Jacob J. Adashek, DO University of South Florida, H. Lee Moffitt Cancer Center and Research Institute discusses the AARC 2021 Abstract – The Landscape Of 2,706 RET Alterations From 89,754 Adult Patients With Cancer: Clinical Implications.
Abstract
• Mutations and fusions in the activating receptor-tyrosine kinase rearranged during transfection (RET) have been identified as active drivers of oncogenesis in a variety of cancers.
• The FDA has approved selpercatinib and pralsetinib as highly potent and selective RET inhibitors for RE110111 fusion+ NSCLC and selpercatinib for RET+ thyroid cancers.
• A systematic review of RET alterations in pan-cancer adult malignancies is presented here.
Patients and Procedures
• 96,324 samples from 89,754 patients were examined for the prevalence of RET fusions, mutations, and copy number alterations in various cancer types using the AACR Project Genie database version 8 (accessed July 21, 2020).

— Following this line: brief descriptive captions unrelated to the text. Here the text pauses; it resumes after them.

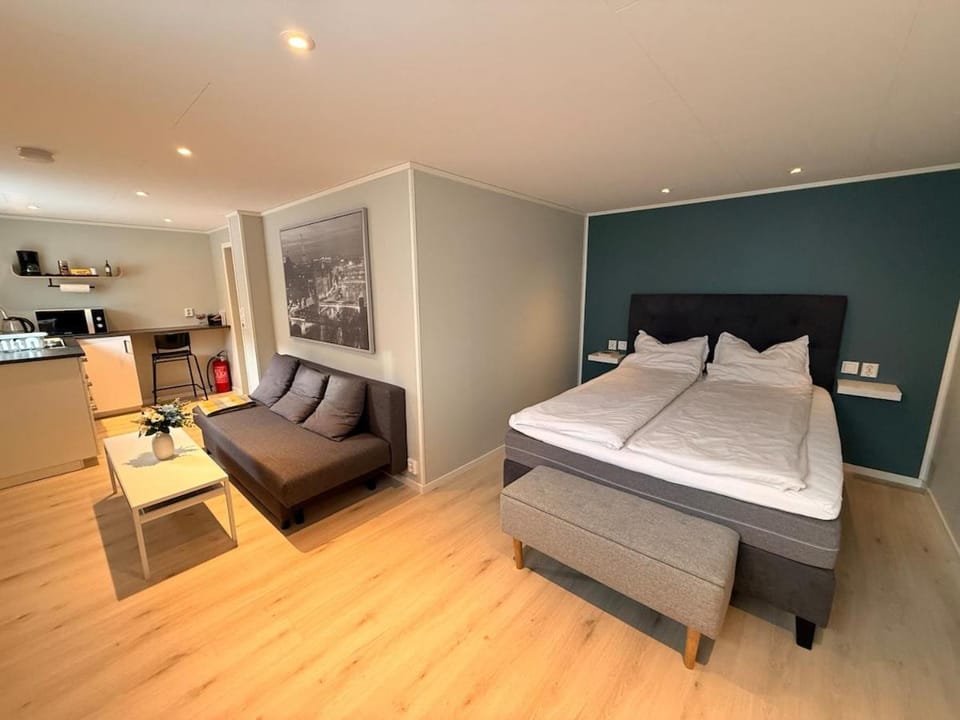 Bed, Kitchen or kitchenette, Living room, Photo of the whole room, Seating area, Bedroom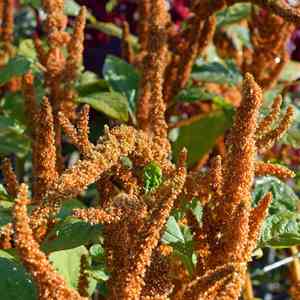 Red amaranth(Amaranthus cruentus)
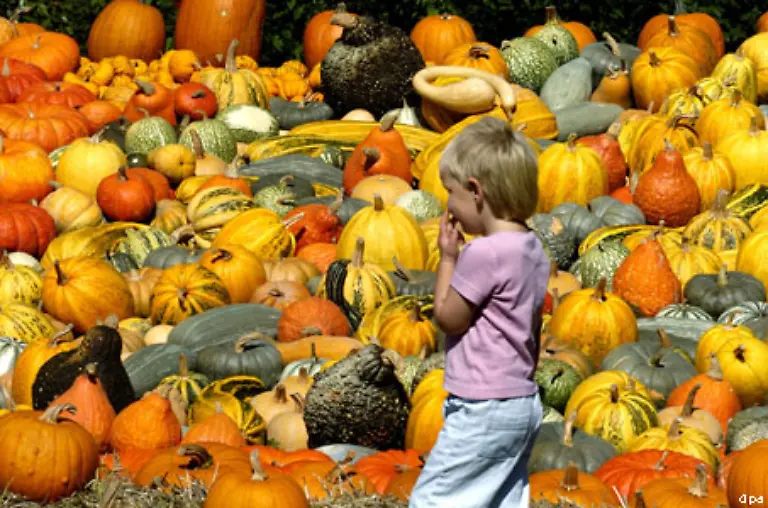 Im-Gegensatz-zu-diesen-eher-religioes-aufgeladenen-Umzuegen-ist-Halloween-kommerziell-erfolgreich-und-bundesweit-zu-vermarkten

• The races of the cohort’s samples were 69,962 (72.6%) white, 5,388 (5.6%) black, 4,90 (5.1%) Asian, 163 (0.17%) Native American, 48 (0.05%) Pacific Islander, and 15,854 (16.5%) unknown.
Final Thoughts
• RET fusions are particularly common in a variety of cancers.
• RET missense mutations are found in 2% of cancers.
•The majority of RET missense variants are classified as variants of uncertain significance, reducing precision oncology’s effect on the majority of patients with RET mutations.